I Skyped with my nephew last week. We don’t do that as often as we used to, what with the time zone difference and also he’s seven and apparently that’s the new age where all adults are stupid and he has no time for me asking questions anymore because every single one of his responses is dripping with exasperation and attitude. I guess I thought that kind of thing didn’t start until maybe age ten, but along with things like computers and hormones in milk and periods, the pissy part of adolescence has accelerated since I was a kid, and apparently boys today get shitty a lot earlier than they used to.
Aaaaaaand this is all I’m allowing myself to say about it. See, in addition to the general attitude, I learned another nephew-related thing during our Skype conversation and I. Did. Not. Like. It. One. Bit. And like a lot of other things I don’t like, I was initially moved to write something about it. It was the only thing in my head to write about (a flimsy excuse for not having posted in a week), but something kept pulling me back. I decided to give it a shot just to see what happened, but then, midway through the first paragraph, I stopped. It’s not that I liked the situation any more or ran out of things to say, it’s just that I realized that writing about the situation in detail wasn’t very different from posting a Facebook video of kids misbehaving, throwing a tantrum, or being shamed by their parents.
And I hate when people do that to their kids.
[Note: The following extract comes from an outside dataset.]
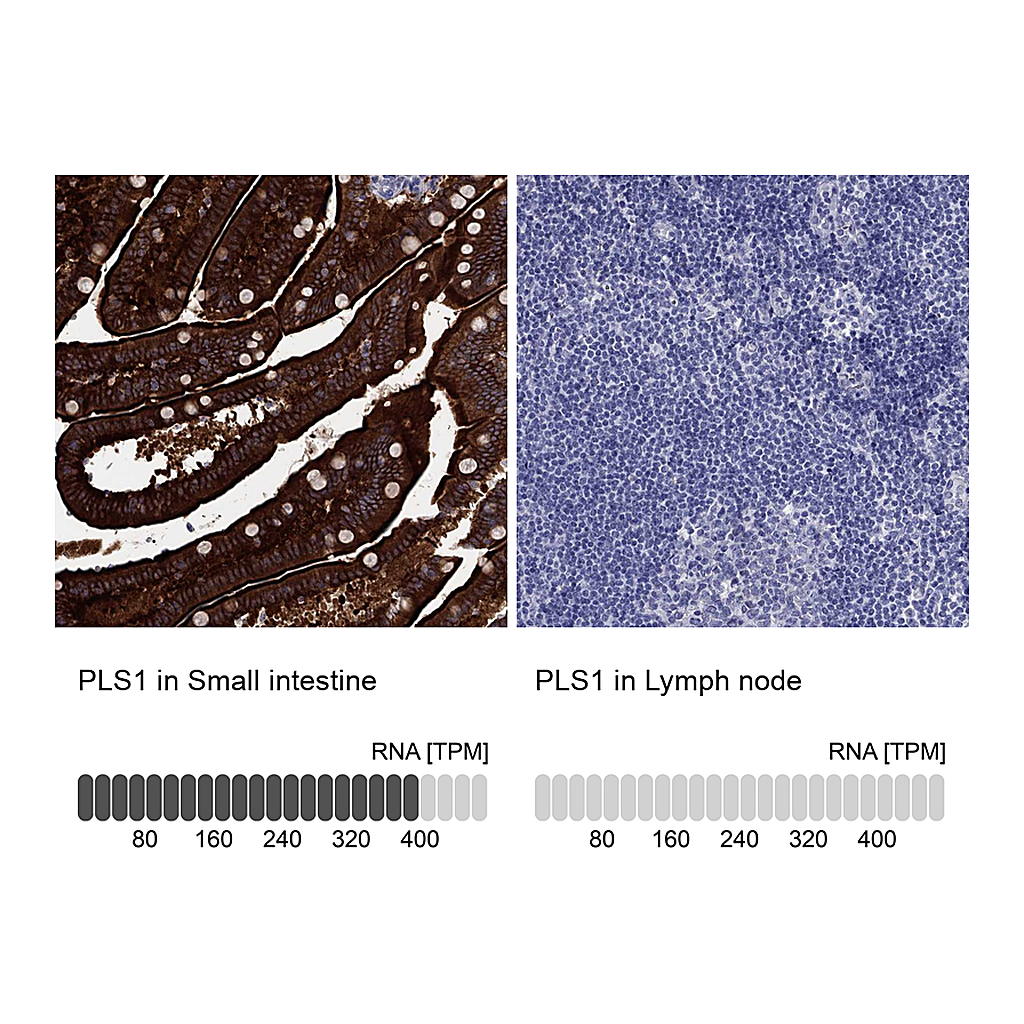 Atlas Antibodies Anti-PLS1 Antibody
Look, I understand that as a parent, you have to deal with your kids stealing all of your sleep, money, time, and whatever that feeling is when you’re not experiencing stomach-churning anxiety and heartbreak every second of your life. Calm? Contentment? Something? I get it. You’re allowed to get those fuckers back every now and then. But I don’t think it’s okay when parents use social media to embarrass their children, especially when the children are just being children. You know, that kind of behavior that you should have been expecting when you decided to have a child in the first place. Kids scream. Kids cry. Kids act like megalomaniacal freakshow lunatics most of the time. You know this, right? Tell me you know this.
I know this, and having seen a few tantrums in my time, I get that some of the kid-related assholery is a lot more funny than it is tragic. I also get that once you live with that sort of thing, there’s some satisfaction in getting laughs or commiseration by sharing the information. But when you habitually post videos of your child’s screamy tirades on Facebook and you’re laughing behind the camera, I mean, who do you think looks like the bigger shithead in that scenario?
(Hint: it’s not your kid.)
I am thankful every day that the Internet in its current form did not exist when I was a kid, or even when I was a teenager. Mostly because I’m certain I would have handily humiliated myself about a thousand times a day back when my brain was ruled by hormones and I had only a vague understanding of personal boundaries. But now, looking through my Facebook feed every day, I’m thankful that my parents didn’t have access to the Internet, either, because I’m not really comfortable with the idea that every dumb thing I said or every dumb thing they didn’t like about me could have been posted across the largest social network in the world for every single person they knew to see in detail.
Think about that next time you want to gripe about your children. When you’re not just griping, I mean. Just griping is fine. You’re allowed to complain or admit that your kids aren’t perfect or express a desire to leave them in the backyard while you run shrieking down the street towards the nearest bar. That’s normal.
But when you continually document your child’s distress for the purpose of mocking them in a public space, you’re crossing a line. You’re violating an implicit trust you hold with them as their parent and provider, and more than that, you’re holding up their poor behavior not as an example of how unreasonable they are (because what 5-year-old isn’t unreasonable?!), but as an example of your own crap parenting skills.
And eventually, I won’t feel sympathy or pity for the person filming a 3am meltdown. I’ll feel sympathy and pity for the kid, because they’ve spent their entire life being made trivial by their own parents.